_WORK REQUIRED_.
Please write out the whole listing that follows exactly; the pictures stay out.

_STORED DATA_.
^^^^^^^^^^^^^^^^

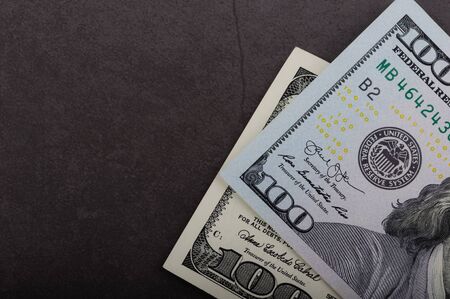 One hundred dollar bills on a gray backgroundの写真素材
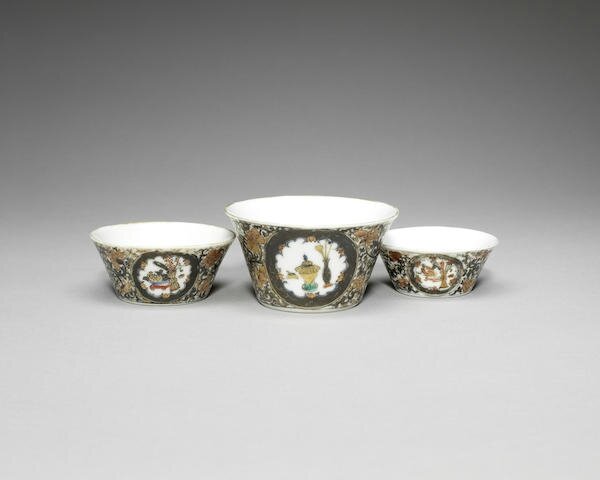 A rare part-set of grisaille enamelled and gilt nesting tea cups, Yongzheng six-character mark and of the period (1723-1735)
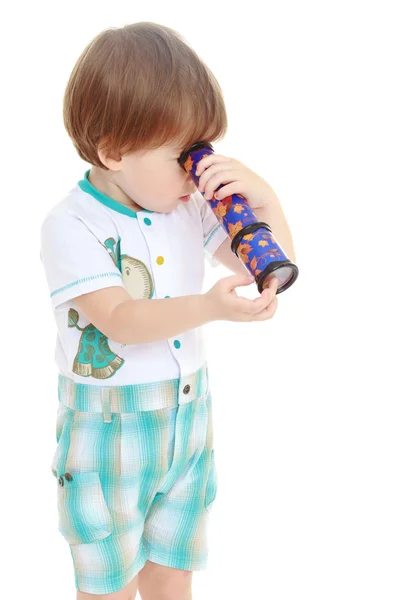 Little boy with a telescope. — Stock Photo, Image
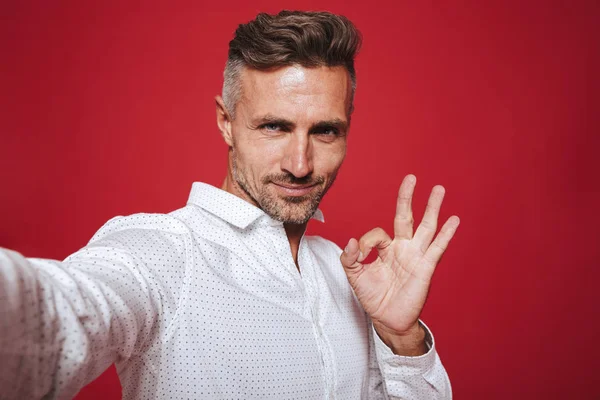 Mutlu esmer adam 30'lu anız selfie fotoğraf çekme ve ok işaret gösteren beyaz gömlek ile kırmızı arka plan üzerinde izole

^^^^^^^^^^^^^^^^

_YOUR RESPONSE_.
 One hundred dollar bills on a gray backgroundの写真素材
 A rare part-set of grisaille enamelled and gilt nesting tea cups, Yongzheng six-character mark and of the period (1723-1735)
 Little boy with a telescope. — Stock Photo, Image
 Mutlu esmer adam 30'lu anız selfie fotoğraf çekme ve ok işaret gösteren beyaz gömlek ile kırmızı arka plan üzerinde izole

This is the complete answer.